## WHAT YOU WILL DO
Every line below from the one with "In Settings, click" through the one with "Inside the web" is to be repeated exactly, with no picture among them.

## PROVIDED INFORMATION

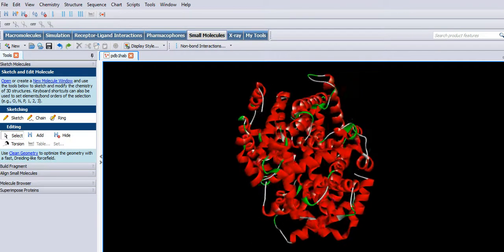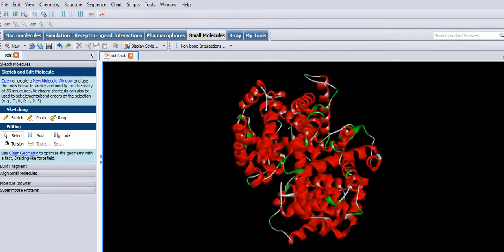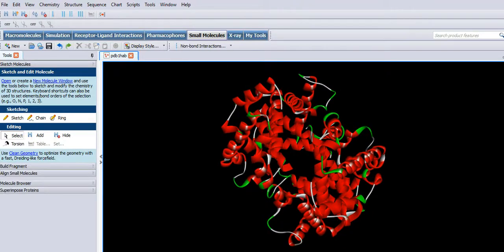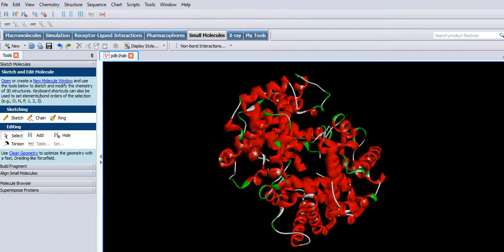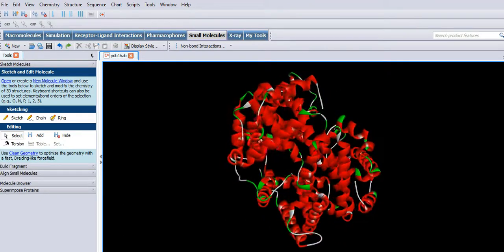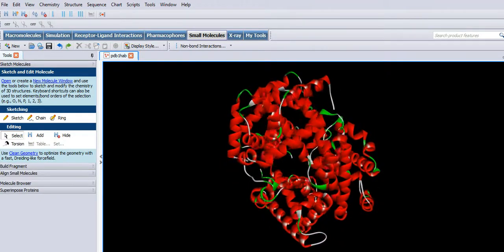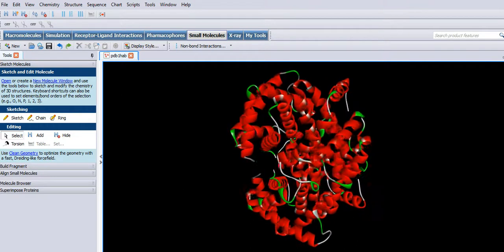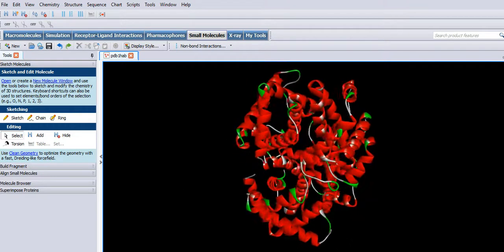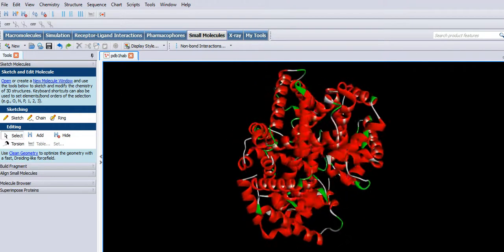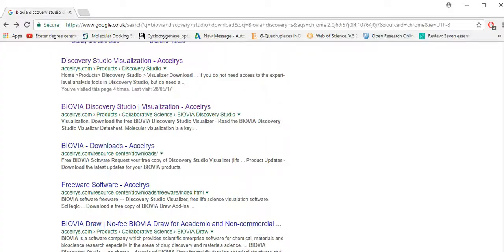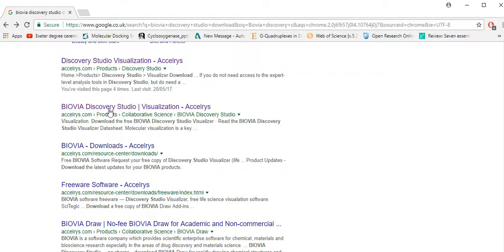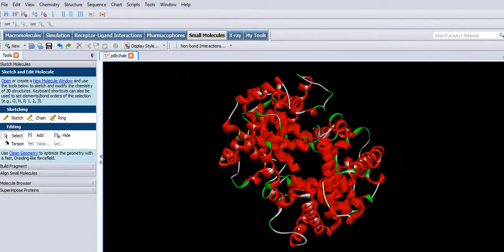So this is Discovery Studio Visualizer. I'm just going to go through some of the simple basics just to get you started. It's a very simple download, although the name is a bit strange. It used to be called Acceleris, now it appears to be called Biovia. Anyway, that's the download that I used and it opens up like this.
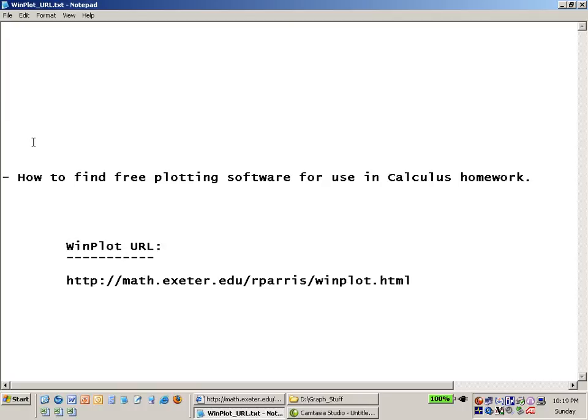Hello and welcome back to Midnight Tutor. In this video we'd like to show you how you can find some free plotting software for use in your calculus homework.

...

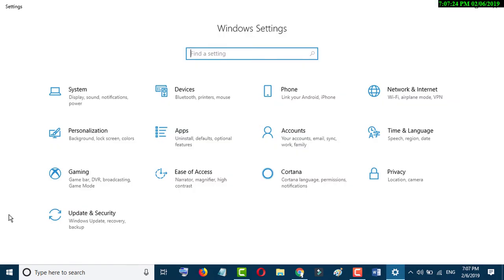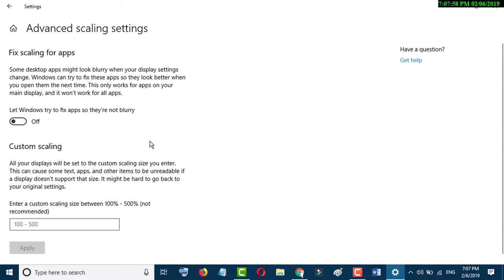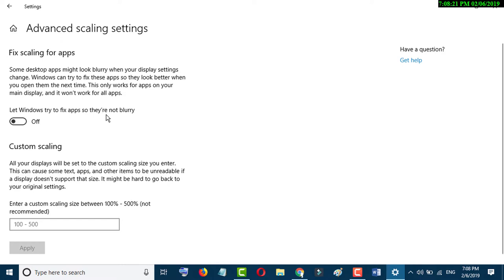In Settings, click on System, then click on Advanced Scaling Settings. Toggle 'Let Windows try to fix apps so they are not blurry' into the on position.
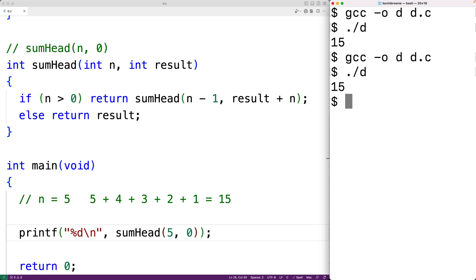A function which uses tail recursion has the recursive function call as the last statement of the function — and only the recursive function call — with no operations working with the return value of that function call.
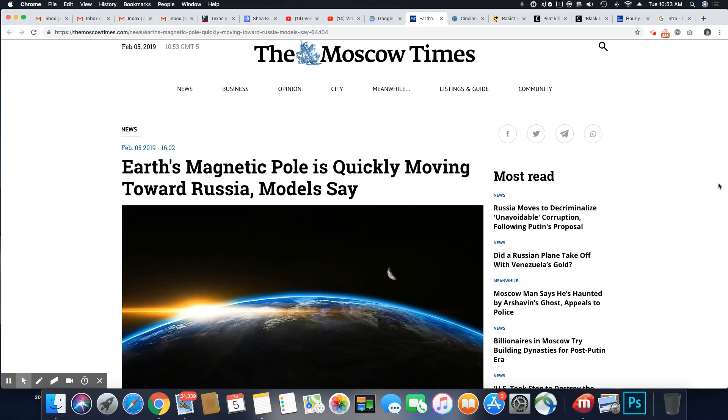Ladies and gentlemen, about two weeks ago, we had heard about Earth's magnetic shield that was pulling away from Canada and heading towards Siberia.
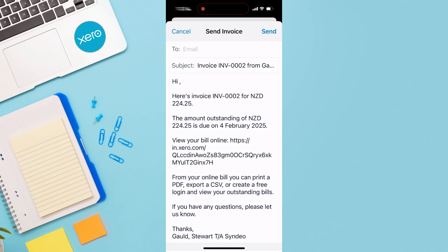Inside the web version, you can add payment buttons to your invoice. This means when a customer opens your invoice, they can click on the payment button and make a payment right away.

## SOLUTION FOR THIS PROBLEM
In Settings, click on System, then click on Advanced Scaling Settings. Toggle 'Let Windows try to fix apps so they are not blurry' into the on position.
A function which uses tail recursion has the recursive function call as the last statement of the function — and only the recursive function call — with no operations working with the return value of that function call.
Ladies and gentlemen, about two weeks ago, we had heard about Earth's magnetic shield that was pulling away from Canada and heading towards Siberia.
Inside the web version, you can add payment buttons to your invoice. This means when a customer opens your invoice, they can click on the payment button and make a payment right away.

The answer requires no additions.